Figure 3. Altered expression of apoptotic proteins and oligomerization of Bak proteins

(A), Panc-1 cells were treated with YM155 for 48 h. Cell lysates were prepared for Western blotting to detect CIAP1/2, FLIP, survivin, Bcl-2, Mcl-1, Bak, and Bim expression. β-actin was used for an equal loading of protein. Band density was qualified by Image J software. Representative bands are shown and every experiment was repeated three times. (B), Cells were treated with YM155 (10 nM) or untreated for 48 h. Proteins were then cross-linked using DSS as described in ‘Materials and methods’. Bak protein was detected by Western blotting. A 26~28kDa band represents Bak monomers, and bands at 52~56 kDa detected represent Bak homodimers. (C), Panc-1 cells were treated with YM155 for 48 h. Cell lysates were prepared for non-reducing SDS-PAGE. Bak protein was detected by Western blotting. A 26~28 kDa band represents Bak monomers, and bands at 52~56 kDa detected represent Bak homodimers.

Figure 4. YM155 enhances gemcitabine-induced apoptosis in Panc-1 cells

(A), Cells grown in 96-well plate were treated with gemcitabine (4 mM) alone or in the presence or absence of YM155 (5 nM) for 24 h. Relative cell viability was measured via MTS assay (*P<0.05). (B), Cells were treated as in Figure 4A, and apoptosis was assessed by Hoechst 33258 staining. (C), Panc-1 cells grown in 6-well plate were either untreated (control) or treated with either: YM155 (5 nM), gemcitabine (4 mM), or a combination of YM155 (5 nM) with gemcitabine (4 mM) for 48 h. Cells were rinsed post treatment with fresh culture medium 3 times, cells were then cultured for another two weeks. Cell colony formation assays were performed with crystal violet staining.

Figure 5. YM155 has no apparent apoptotic cyto-toxicity to normal pancreas cells

(A), HPDE cells grown in 48-well plates were treated with YM155 (10 nM) for 48 h. Panc-1 cells treated under the same conditions were used as a positive control. Apoptosis was measured by Hoechst 33258 staining. (B), HPDE cells and Panc-1 cells (a positive control) grown in six-well plates were treated with YM155 for 48 h. Cell lysates were prepared for Western blotting to show Caspase 3 activation. β-actin were assessed as a control for equal protein loading.

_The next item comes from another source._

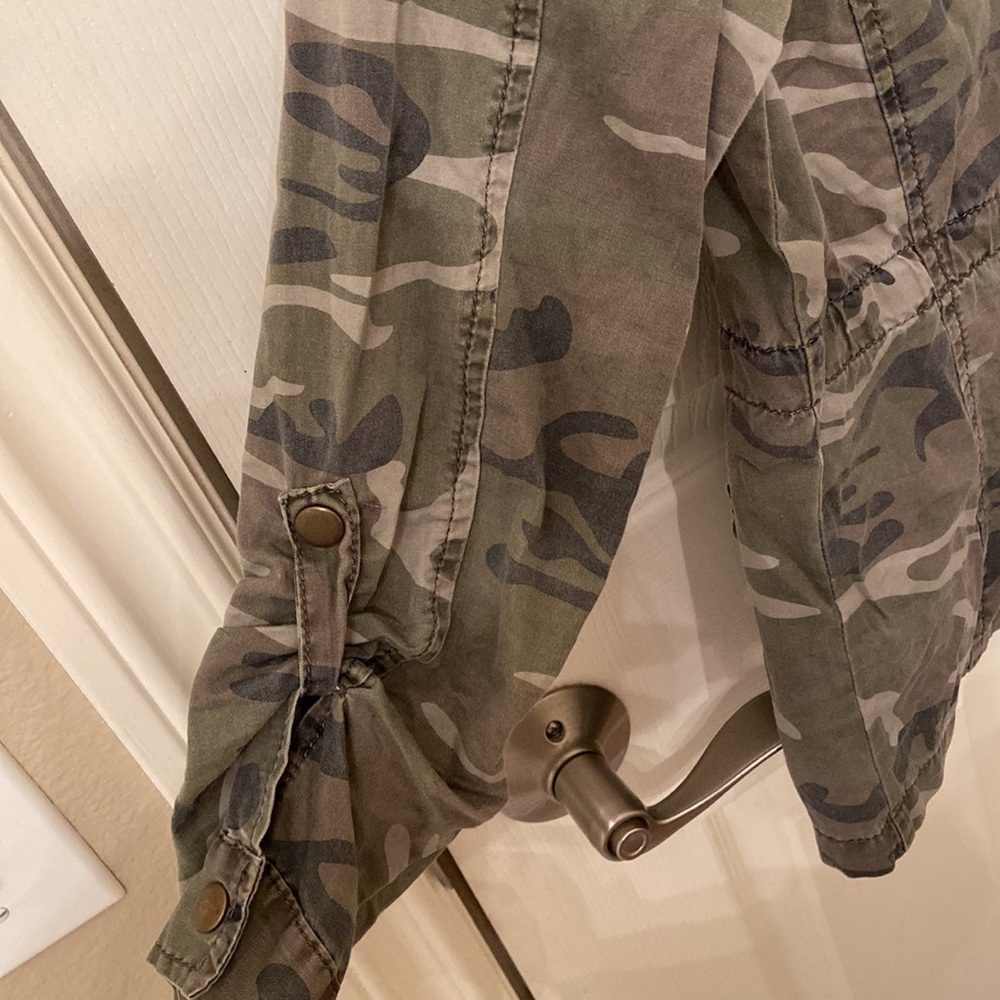 Girls Full Tilt Camo jacket - Picture 3 of 4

Figure 6. YM155 induces tumor growth inhibition in vivo

(A), BALB/c severe combined immunodeficiency (SCID) mice were inoculated subcutaneously with 5×10⁶ Panc-1 cells. The mice were treated with 10 mg/kg body weight of YM155 via tail vein injection until day 14. At the end point of the experiment, mice were euthanized and tumors were excised. Pictures of excised tumors from xenograft mice show larger tumors from untreated (control) mice and smaller tumors from YM155-treated mice. (B), The mass of tumors from the control group and the YM155-treated group were compared. Statistical analysis was performed to show inhibitory effects of YM155 on the mass of implanted tumors (*P<0.05). (C), Xenograft pancreatic tumors from untreated groups and YM155-treated groups were collected and lysates were prepared. Western blotting was performed to detect DR5 expression. β-actin were assessed as an equal protein loading control. The five pairs of tissues tested were randomly selected sample pairs, from untreated or YM155-treated tumor mice.